Back

Character encoding

What is character encoding ?

Encoding is a way to allow browsers to correctly interpret characters. It is vulgarly speaking to inform browsers about how characters are encoded (example: alpha encoding, 1 = A, 2 = B / beta encoding, 10 = A, 2 = B).

Why is this important ?

Character encoding is important to prevent the browser from displaying incorrect characters. This can happen, for example, when you want to use language-specific characters (such as Mandarin, for example) that have not been encoded.
For example: My source code will be translated 私のソースコード into Japanese, if my encoding is correctly specified. On the other hand, if my encoding is incorrect, the same sentence may show abnormal characters (私a!!ソ§--スコ#€).

How to correct it

All documents (.txt, .html, or plain text) that contain text are saved with defined characters. This corresponds to the actual encoding of the document.

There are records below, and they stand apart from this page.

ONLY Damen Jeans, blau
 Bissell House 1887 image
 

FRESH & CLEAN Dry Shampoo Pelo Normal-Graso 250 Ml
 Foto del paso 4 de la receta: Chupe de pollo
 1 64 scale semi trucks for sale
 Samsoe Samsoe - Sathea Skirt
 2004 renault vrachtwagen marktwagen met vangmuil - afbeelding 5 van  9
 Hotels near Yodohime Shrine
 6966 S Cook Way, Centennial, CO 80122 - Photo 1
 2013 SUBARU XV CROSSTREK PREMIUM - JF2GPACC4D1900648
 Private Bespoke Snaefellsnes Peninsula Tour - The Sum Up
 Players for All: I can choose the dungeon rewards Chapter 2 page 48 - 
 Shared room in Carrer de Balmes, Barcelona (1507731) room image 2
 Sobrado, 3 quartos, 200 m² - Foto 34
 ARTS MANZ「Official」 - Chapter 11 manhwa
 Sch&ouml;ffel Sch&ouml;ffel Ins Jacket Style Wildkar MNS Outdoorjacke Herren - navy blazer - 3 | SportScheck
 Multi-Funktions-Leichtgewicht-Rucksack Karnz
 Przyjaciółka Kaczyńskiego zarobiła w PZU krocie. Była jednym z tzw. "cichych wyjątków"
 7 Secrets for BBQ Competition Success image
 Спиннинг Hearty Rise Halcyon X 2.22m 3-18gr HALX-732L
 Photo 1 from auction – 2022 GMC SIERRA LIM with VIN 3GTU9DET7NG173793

It is recommended to use the "utf-8" encoding on your pages which allows to encode the majority of the possible characters.

To check which encoding your HTML pages use, you can go to the configuration settings of your text editor (i.e. Atom, Sublime Text).

Don't forget to declare your character encoding information to the browser. To do so, you should : 

  • as a value in the header dedicated to the document type "Content-Type: text/html; charset=utf-8"
  • in HTML tags <meta charset="utf-8">
  • in an HTML tag <meta http-equiv="Content-Type" content="text/html; charset=utf-8" />
  • on several elements but the value must be the same, the same encoding of defined

Finally, it must be defined on at least one of the elements.